Hemel:  The Twilight Of Tax Sunsets?

Sunset 2University of Chicago Law Faculty Blog:  The Twilight of Tax Sunsets?, by Daniel Hemel:

Since the early 2000s, Congress has filled the Internal Revenue Code with numerous sunset provisions. These provisions by their terms apply for a limited period, although Congress regularly renews them through annual “extenders” legislation. Examples have included the tax credit for research and experimentation expenses, the Subpart F exception for active financing, the deduction for state and local sales taxes, and the American Opportunity Tax Credit for the first four years of postsecondary education. Interest groups have devoted significant resources toward ensuring that members of Congress extend these tax breaks from year to year. Tax law scholars, in turn, have channeled considerable energy toward explaining the prevalence of sunset provisions in tax law.

A leading explanation of the “sunset” phenomenon is that lawmakers use temporary tax legislation to extract rents from interest groups. Rebecca Kysar writes that “the continuous threat of expiration allows Congress to extract more rents from interest groups through the use of sunset provisions that require those groups repeatedly to return to the congressional floor to achieve their goals.” Edward McCaffery and Linda Cohen likewise hypothesize that lawmakers will maximize rents through a “stringing-along” strategy, using extenders bills to get “multiple bites at the apple.” Others have offered similar accounts.
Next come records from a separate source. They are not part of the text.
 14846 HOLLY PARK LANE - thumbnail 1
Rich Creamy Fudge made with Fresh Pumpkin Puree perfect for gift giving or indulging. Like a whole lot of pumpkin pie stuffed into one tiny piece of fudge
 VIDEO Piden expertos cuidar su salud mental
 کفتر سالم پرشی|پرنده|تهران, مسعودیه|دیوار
The rent-extraction hypothesis might lead one to expect that temporary tax breaks will be a permanent feature of the Code, as lawmakers have little incentive to relinquish the rents they derive from the extenders game. But that prediction has proven wrong: earlier this month, Congress voted to make 22 once-temporary tax breaks permanent, including all four provisions mentioned above. Congress’s recent action gives rise to a puzzle: If temporary legislation allows lawmakers to maximize the rents they can extract from interest groups, why did Congress allow these tax breaks to become permanent? Did DC suffer a sudden outbreak of public spiritedness this holiday season? Or does the rent-extraction hypothesis need updating?
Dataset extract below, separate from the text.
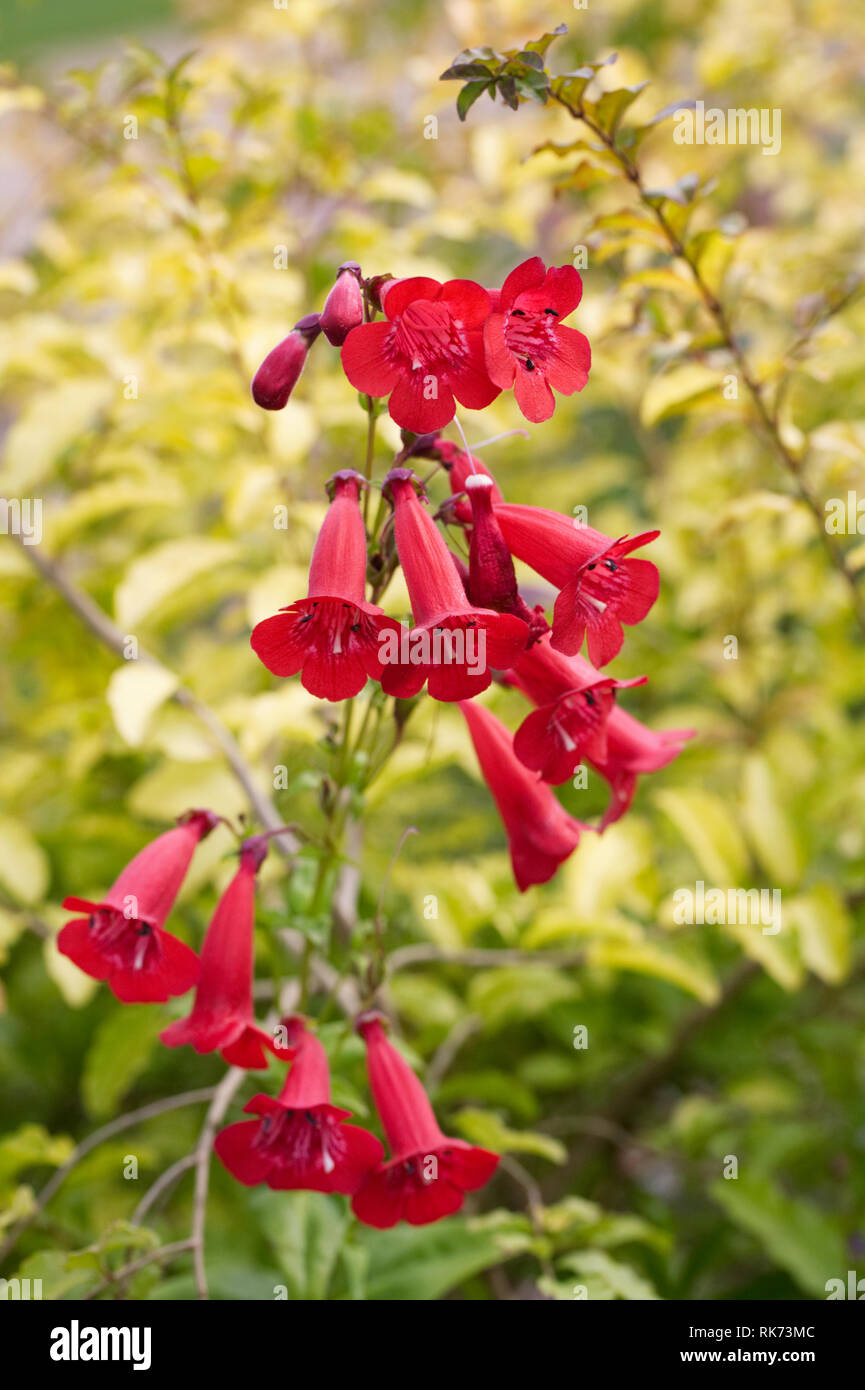 Red Penstemon Blüten im Spätsommer. Bart Zunge Blume. Stockfoto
I imagine that others will weigh in on this question in the coming weeks and months. My initial take, though, is that this month’s permanent extensions actually serve as evidence in favor of the rent-extraction hypothesis. This is because the rent-extraction hypothesis hinges upon the existence of campaign finance laws that limit transfers from interest groups to lawmakers in a given election cycle. Recent election law developments effectively lifted some of those limits. As a result, lawmakers can now extract rents from interest groups without using the device of temporary legislation. ...

In sum, it’s still premature for a postmortem. But it does appear that sunset provisions have reached something of a twilight phase. And while no doubt there are multiple reasons why this is so, recent court decisions and legislative changes relaxing campaign finance restrictions appear to be at least part of the story.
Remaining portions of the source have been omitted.